Il plasma ricco di piastrine (PRP) è un’altra opzione rigenerativa. Alcuni studi suggeriscono che la combinazione di PRP e cellule staminali possa produrre risultati sinergici, anche se l’evidenza su questo approccio combinato è ancora limitata.
La protesi totale di ginocchio resta il trattamento definitivo per i casi più gravi. Ha tassi di successo elevati e riduce efficacemente il dolore. Ma comporta rischi chirurgici, un recupero di mesi, e una durata limitata dell’impianto — tipicamente 15-20 anni — che nei pazienti giovani si traduce spesso nella necessità di un secondo intervento. Se la terapia con cellule staminali riuscisse a ritardare questo momento di 5-10 anni, il beneficio clinico e umano sarebbe considerevole.
La ricerca su questo trattamento è solida, ma non definitiva. Alcune questioni rimangono aperte.
Aspetti ancora da chiarire:
Un’ulteriore meta-analisi del 2025, pubblicata su Frontiers in Medicine, ha esaminato l’effetto contestuale delle iniezioni di cellule staminali, cioè la quota di miglioramento attribuibile alle aspettative del paziente e all’ambiente terapeutico piuttosto che all’azione biologica delle cellule. I risultati mostrano che una parte del beneficio clinico è amplificata da questi fattori contestuali — il che non riduce il valore del trattamento, ma suggerisce che l’interazione medico-paziente e la corretta gestione delle aspettative abbiano un ruolo che merita attenzione.
La terapia con cellule staminali adipose non è ancora uno standard di cura consolidato. Ma non è nemmeno sperimentazione: è un trattamento con un corpus di evidenza crescente, una procedura ambulatoriale ben tollerata e un profilo di sicurezza documentato su oltre 500 pazienti in studi randomizzati.
I pazienti che probabilmente beneficiano di più sono quelli con artrosi di grado 2-3, dolore moderato-severo, e una risposta insufficiente ai trattamenti conservativi. I candidati con artrosi di grado 4 avanzata — con quasi assenza di cartilagine — mostrano risposte meno prevedibili. La decisione di procedere deve essere presa con uno specialista ortopedico che conosca la procedura e possa valutare le caratteristiche individuali del paziente.

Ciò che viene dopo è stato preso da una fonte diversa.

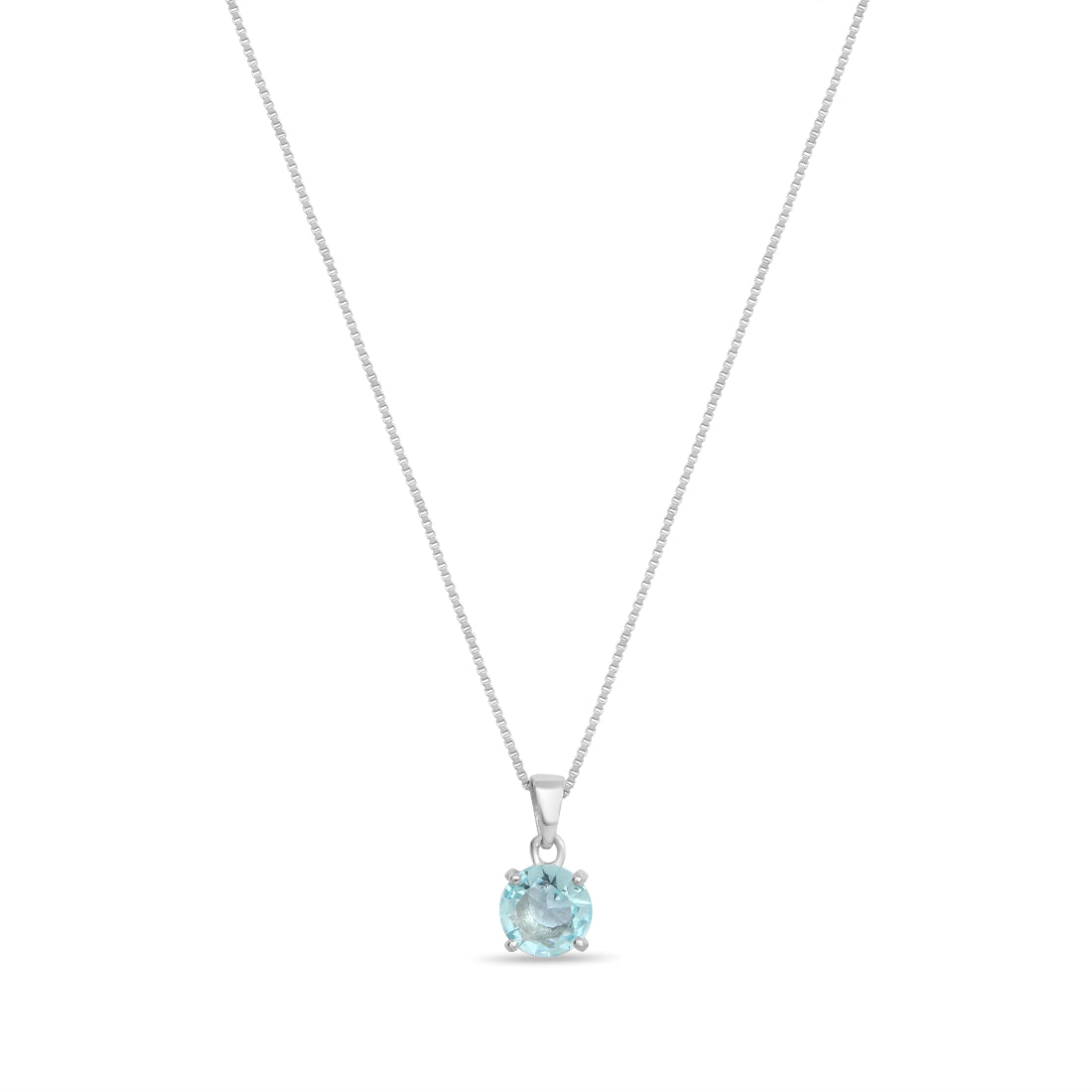 Serene Aquamarine Rhodium-Plated 925 Sterling Silver Pendant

Il vantaggio logistico rispetto alla chirurgia è evidente. Nessun ricovero ospedaliero. Nessuna incisione chirurgica. Nessuna riabilitazione strutturata post-intervento. In uno degli studi clinici citati, ai pazienti era stata esplicitamente consentita l’attività fisica libera fin dal giorno dell’iniezione, senza restrizioni né ausili ortopedici. Il contrasto con il percorso post-operatorio di una protesi totale di ginocchio è sostanziale.

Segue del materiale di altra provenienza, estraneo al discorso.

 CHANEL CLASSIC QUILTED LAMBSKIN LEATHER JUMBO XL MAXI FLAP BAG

Per chi vuole approfondire il legame tra salute sistemica e articolare, il microbioma intestinale e la salute articolare è un’area di ricerca emergente che potrebbe in futuro orientare la selezione dei pazienti migliori per queste terapie. E per chi vuole capire dove si colloca questa terapia nel contesto più ampio, la medicina rigenerativa continua ad avanzare verso combinazioni con PRP, modificazioni genetiche delle cellule e approcci multimodali.
L’evidenza disponibile nel 2025 è sufficiente per dire che le cellule staminali mesenchimali derivate dal tessuto adiposo riducono il dolore dell’artrosi del ginocchio in modo clinicamente significativo. Lo studio di Fase III con 261 pazienti lo dimostra in modo rigoroso. La meta-analisi su 502 pazienti lo conferma. I dati MRI aggiungono un elemento che fino a pochi anni fa sembrava irraggiungibile: la possibilità di stabilizzare la progressione della malattia.
Questo non significa che la terapia sia perfetta o adatta a tutti. Significa che esiste una finestra terapeutica, tra la gestione conservativa e la protesi articolare, che prima era quasi vuota e che ora ha un candidato credibile. Per i pazienti giusti, al momento giusto, questa procedura ambulatoriale potrebbe fare la differenza tra una vita con dolore cronico e una vita con mobilità recuperata. I dati a cinque anni di follow-up già disponibili suggeriscono che il beneficio non sia effimero. Quelli a dieci anni diranno quanto lontano questa terapia possa davvero arrivare.